Only an exact copy of the entries, stripped of pictures, will serve as the answer.

----- EXERCISE MATERIAL

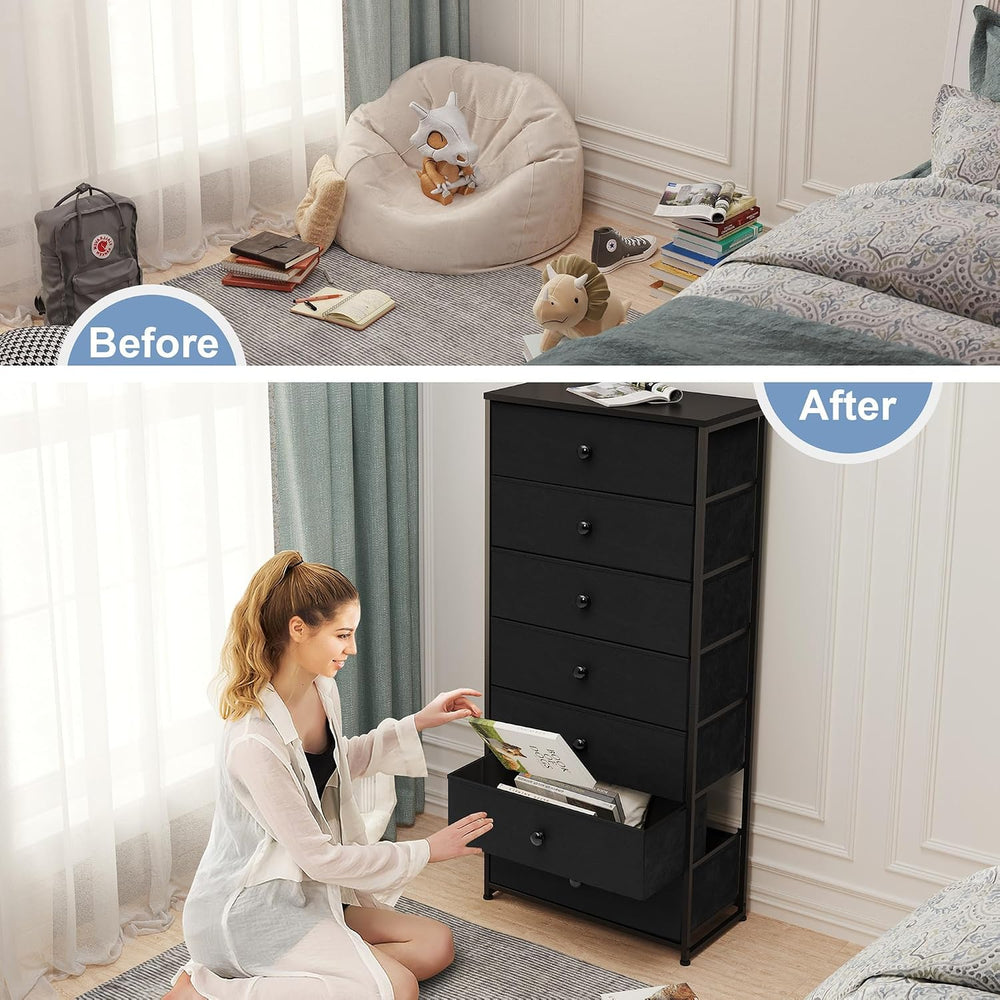 Fabric Dresser for Bedroom, Wide 7-Drawer Tall Vertical Tower (Black)
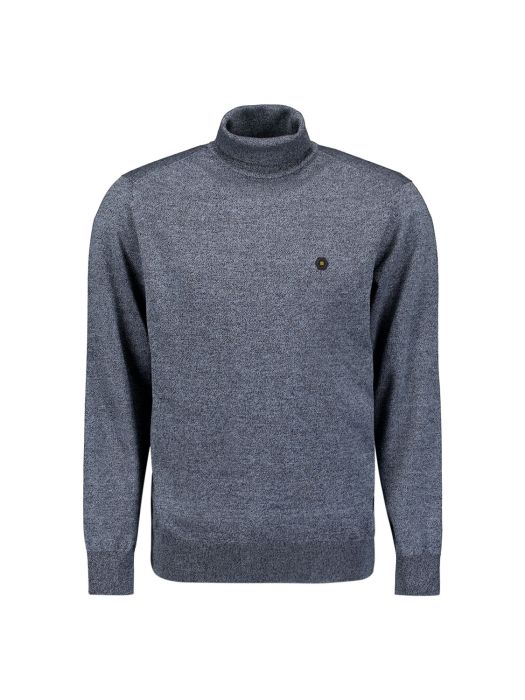 Blauwe No Excess coltrui model 29210982 138 met melange breisel lange mouwen ribboorden en kleine borstbadge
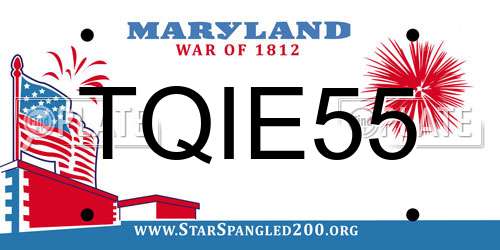 TQIE55 Maryland License Plate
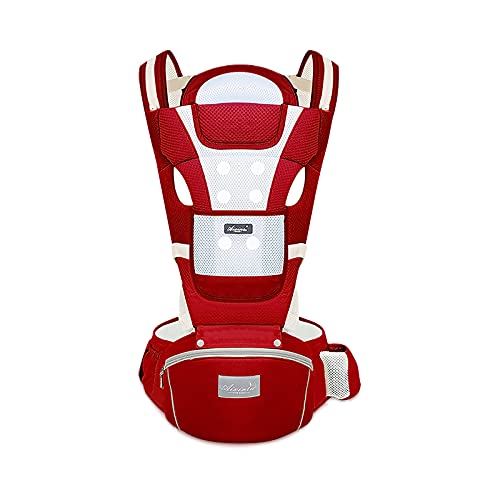 Porte-bébé respirant SONARIN rouge avec siège à hanche ergonomique de 0 à 36 mois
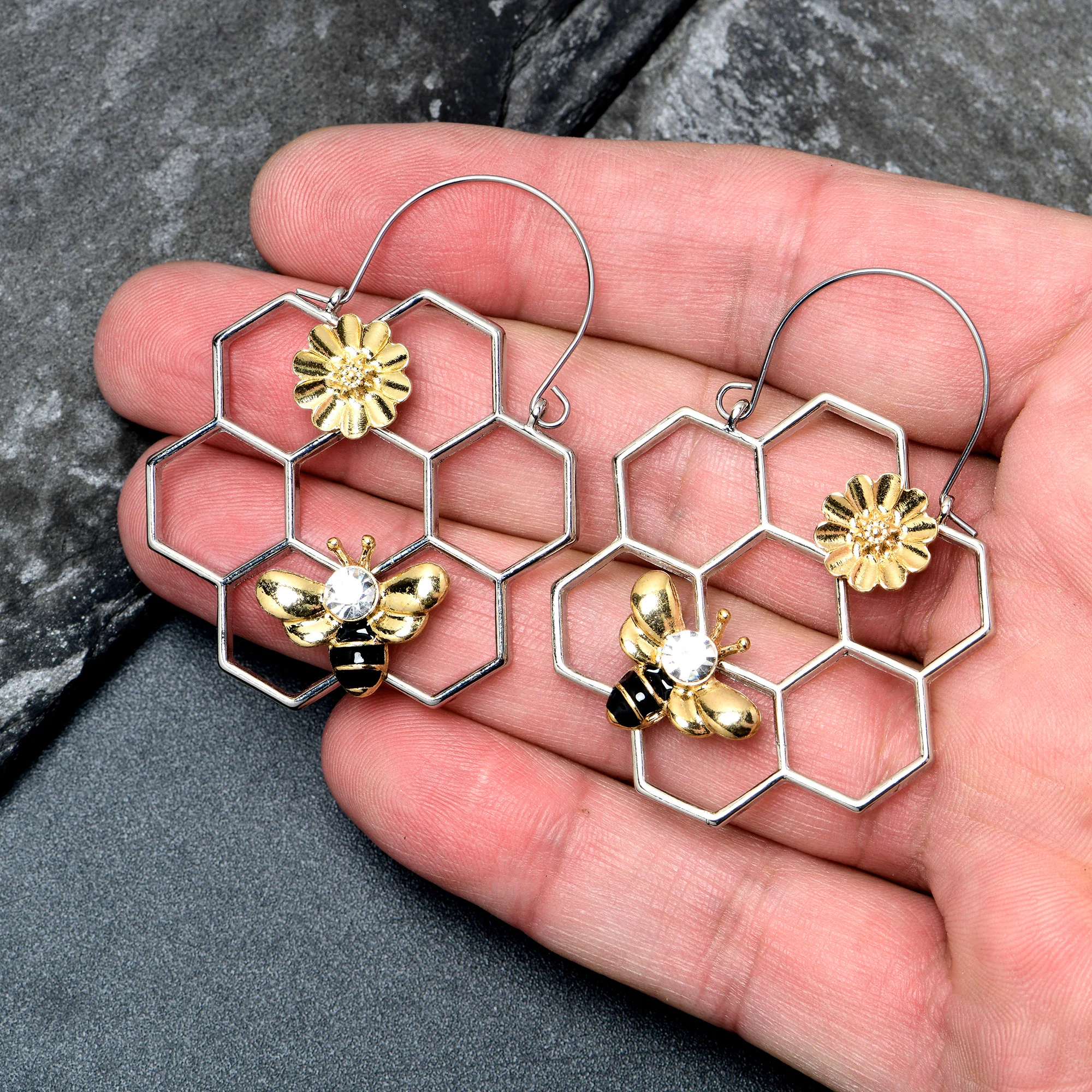 Clear Gem Bee Honeycomb Flower Tunnel Plug Earrings - Image 2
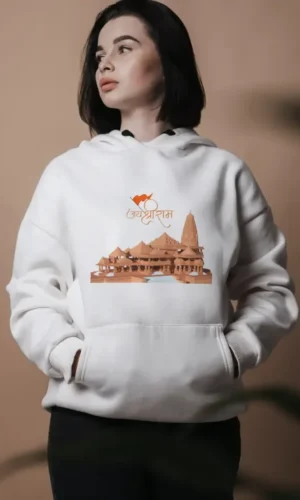 Jai Shree Ram Unisex Hooded Sweatshirt – White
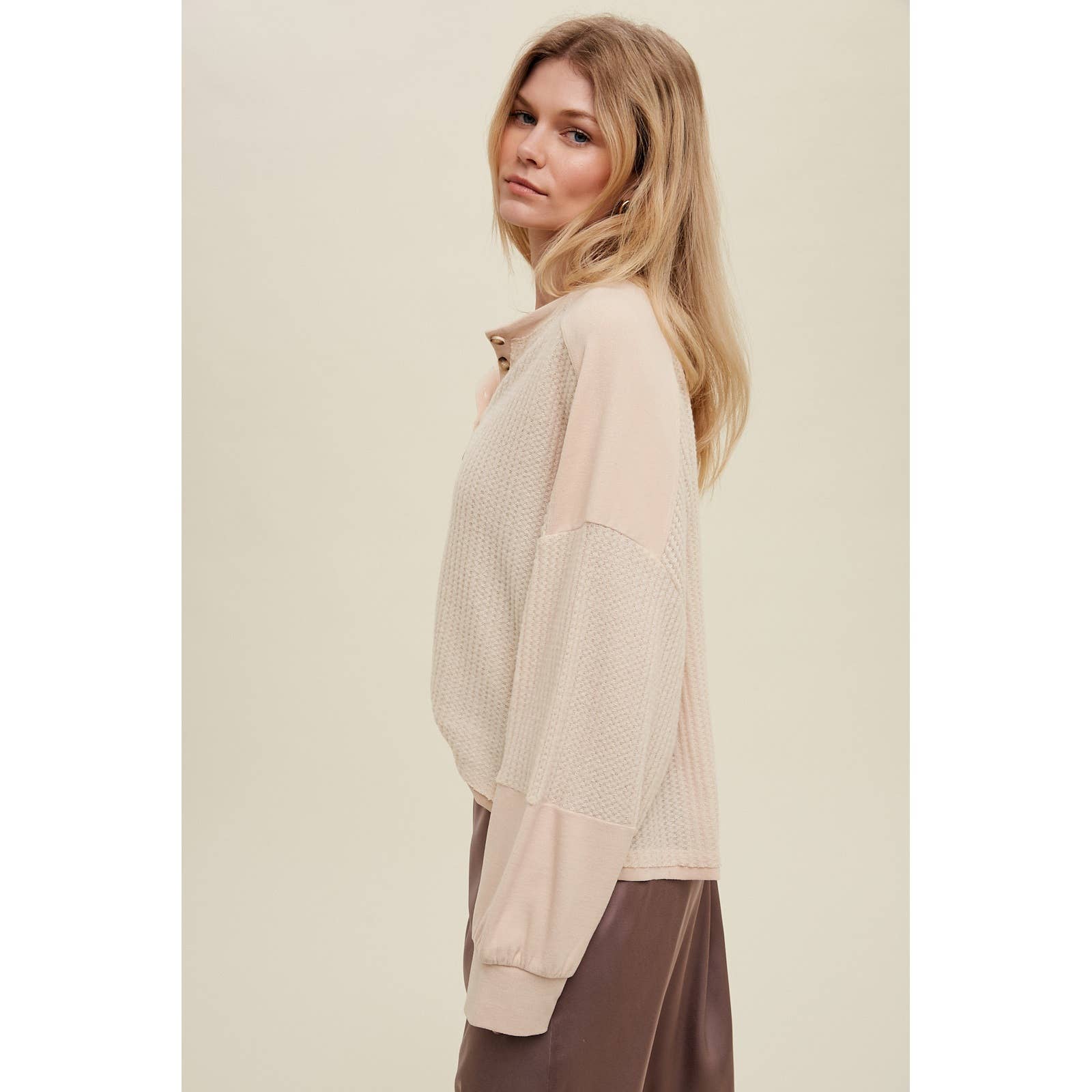 Wishlist Apparel - Wholesale Sweatshirt - Women's - THERMAL CONTRAST PULLOVER / WL23-76804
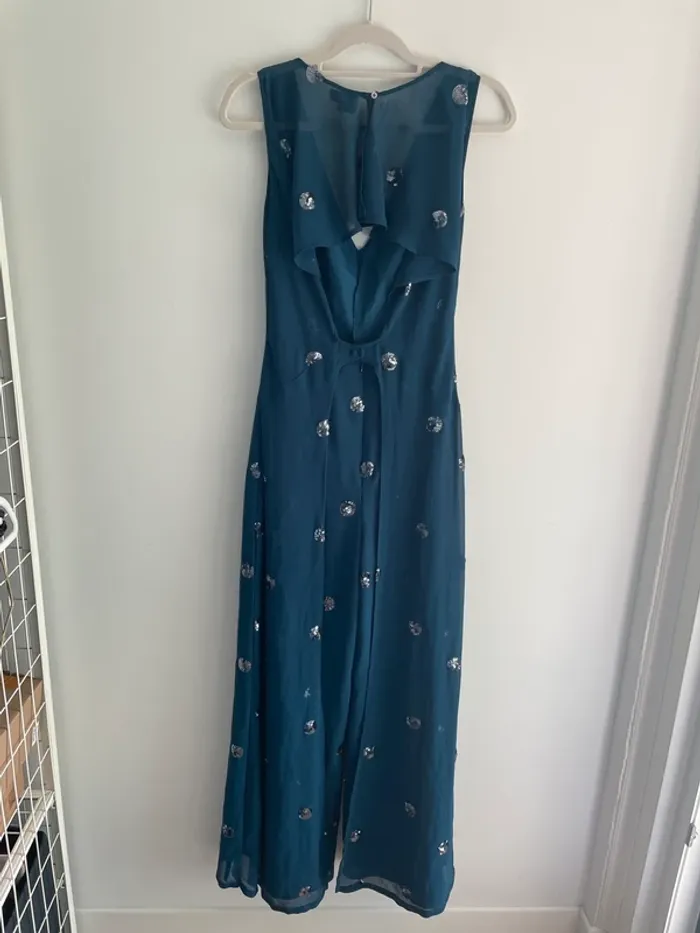 Asos Combinaison Pantalon Bleu Pétrole Sequins T.36 - photo numéro 4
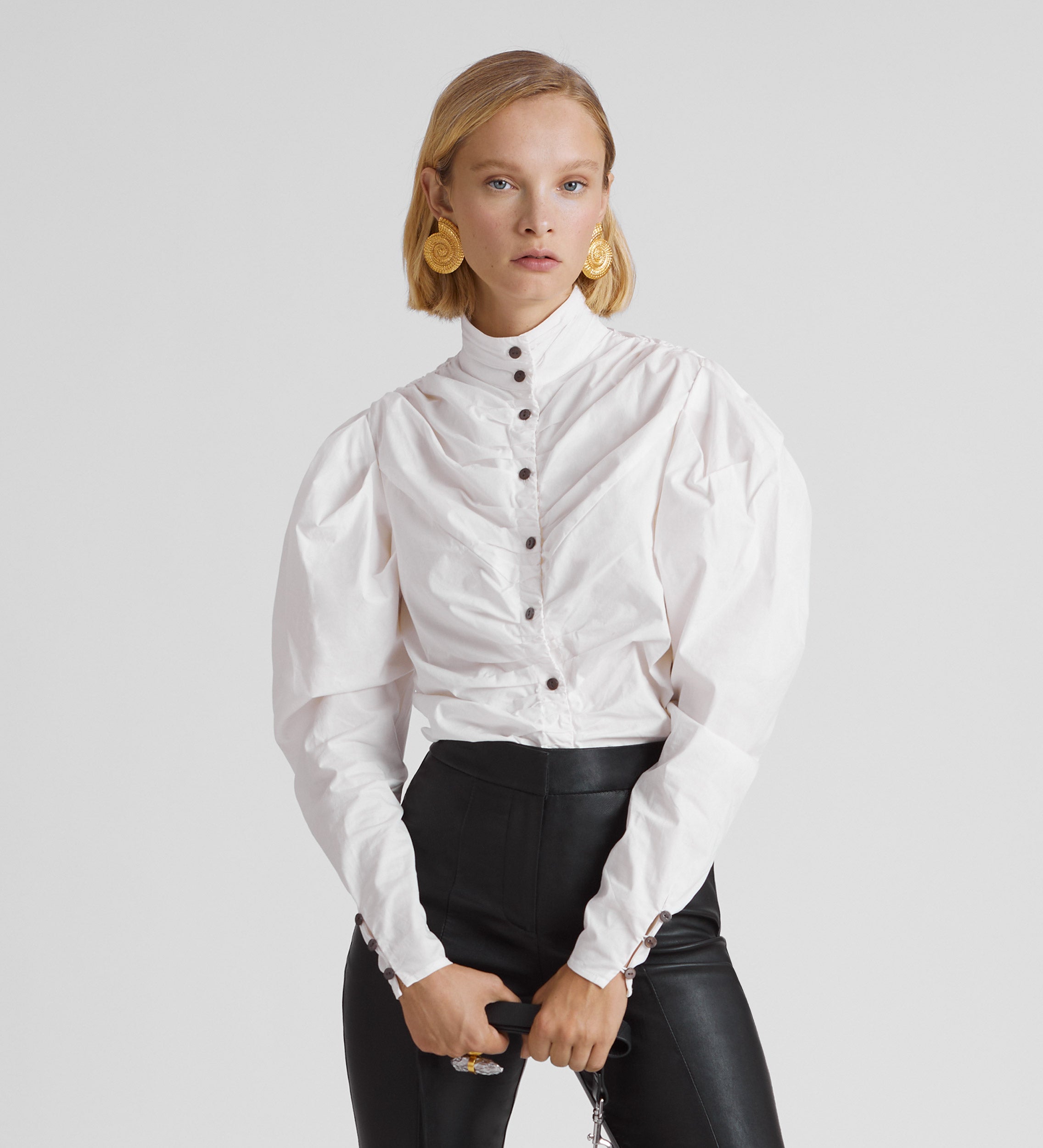 Gathered poplin shirt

----------

OUTPUT OF THE TASK
 Fabric Dresser for Bedroom, Wide 7-Drawer Tall Vertical Tower (Black)
 Blauwe No Excess coltrui model 29210982 138 met melange breisel lange mouwen ribboorden en kleine borstbadge
 TQIE55 Maryland License Plate
 Porte-bébé respirant SONARIN rouge avec siège à hanche ergonomique de 0 à 36 mois
 Clear Gem Bee Honeycomb Flower Tunnel Plug Earrings - Image 2
 Jai Shree Ram Unisex Hooded Sweatshirt – White
 Wishlist Apparel - Wholesale Sweatshirt - Women's - THERMAL CONTRAST PULLOVER / WL23-76804
 Asos Combinaison Pantalon Bleu Pétrole Sequins T.36 - photo numéro 4
 Gathered poplin shirt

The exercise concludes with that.